O último evento pago pelas empresas de construção civil –em uma viagem para Angola e Nigéria bancada pela construtora Norberto Odebrecht– ocorreu há mais de um ano, em maio de 2014. Até então, empreiteiros, incluindo Odebrecht, OAS, Queiroz Galvão, UTC Engenharia e Andrade Gutierrez, haviam assumido os custos de 26 palestras e viagens do ex-presidente.

Desde que os primeiros empreiteiros foram presos em decorrência da Lava Jato, em novembro de 2014, até junho passado, Lula não recebeu mais nenhuma palestra nem participou de nenhuma viagem paga por essas empresas (…)”

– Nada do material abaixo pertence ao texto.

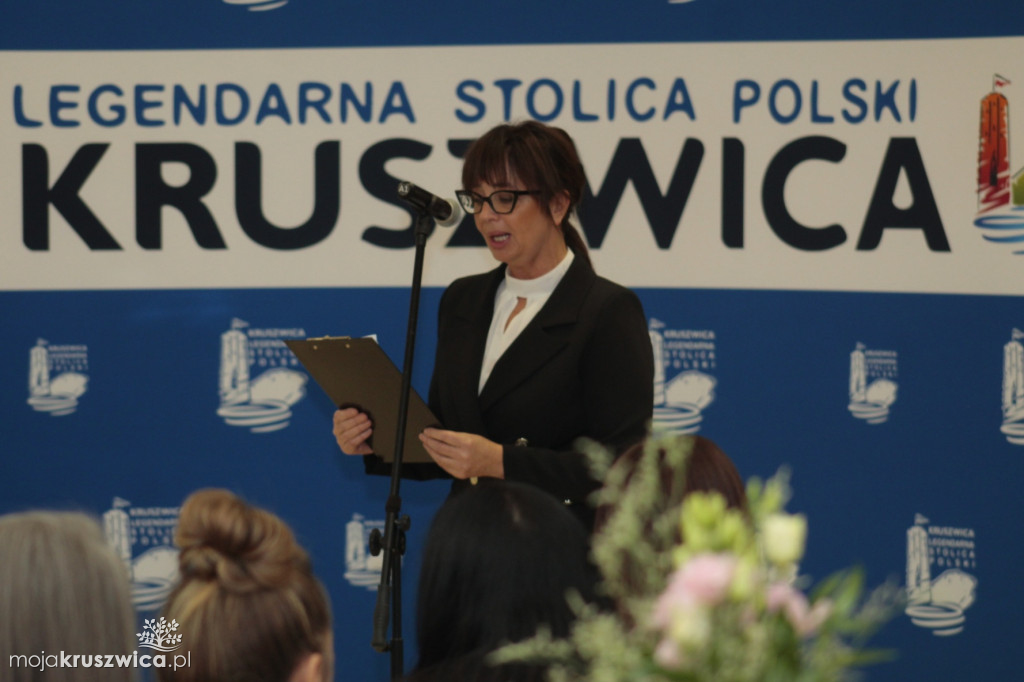 W Gościńcu nad Gopłem odbyła się uroczystość z okazji Dnia Edukacji Narodowej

Juntemos, então, as peças desse quebra-cabeças.

Peça 1 – FHC reconhece que empreiteiras envolvidas na Lava Jato o contrataram para palestras, assim como a Lula.

Peça 2 – As empreiteiras envolvidas na Lava Jato pararam de contratar as palestras de Lula após o início da Operação policial.

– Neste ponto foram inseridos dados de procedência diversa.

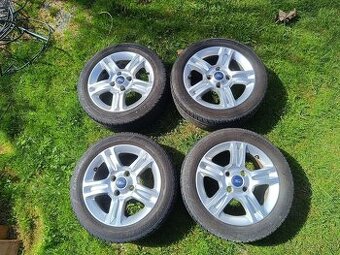 Kolesá 4x108 r15 letné pneumatiky 195/50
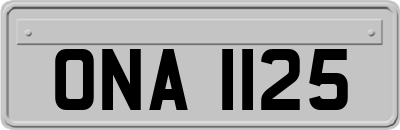 ONA1125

Peça 3 – A Folha de São Paulo insinua que interrupção da contratação de palestras de Lula pelas empreiteiras envolvidas na Lava Jato, implicam o ex-presidente.

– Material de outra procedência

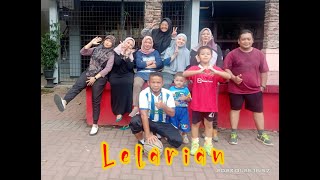 Lelarian Kedua X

Agora, recorramos à lógica. Para que a interrupção da contratação de palestras de Lula pelas empreiteiras envolvidas na Lava sinalize o que a Folha quer, essas empreiteiras teriam que ter continuado a contratar as palestras de FHC.

Explico: a tese que a Folha quer empurrar aos seus leitores é a de que as empreiteiras pararam de contratar palestras de Lula por medo. Com as investigações das empresas a todo vapor, elas teriam tido que parar de “subornar” o ex-presidente. Mas como a contratação de palestras de FHC pelas mesmas empreiteiras não teria – na visão da mídia tucana – problemas, então elas deveriam continuar a ser contratadas, certo?

Não é o que acontece. As empreiteiras envolvidas na Lava Jato tampouco continuaram contratando palestras de FHC após o início da investigação e da prisão dos principais executivos dessas empresas. Na verdade, essas empresas estão semiparalisadas, sofrem problemas sérios de caixa, de imagem, enfim, a Lava Jato as está desmontando peça por peça.

A acusação tácita (pero no mucho) da Folha a Lula é mais uma da série de invenções que o jornal vem disparando diuturnamente contra o ex-presidente – o que não ocorreu de forma sequer parecida com FHC nem quando ele, ao fim do seu governo, usou o Palácio do Planalto para extorquir várias das empresas hoje envolvidas na Lava Jato.

Apesar da indignação que essa armação da Folha causa, para Lula ela não chega a ser ruim. Denota que ele ainda inspira terror no coração da direita brasileira, que não se cansa de dizer que ele estaria “morto” apesar de não parar de bombardeá-lo, deixando claro que acha que ele está longe de ter sido anulado politicamente.

Aliás, este blogueiro concorda plenamente com essa tese que a Folha e o resto da mídia tucana acalentam, mas que, obviamente, não confessariam nem sob tortura.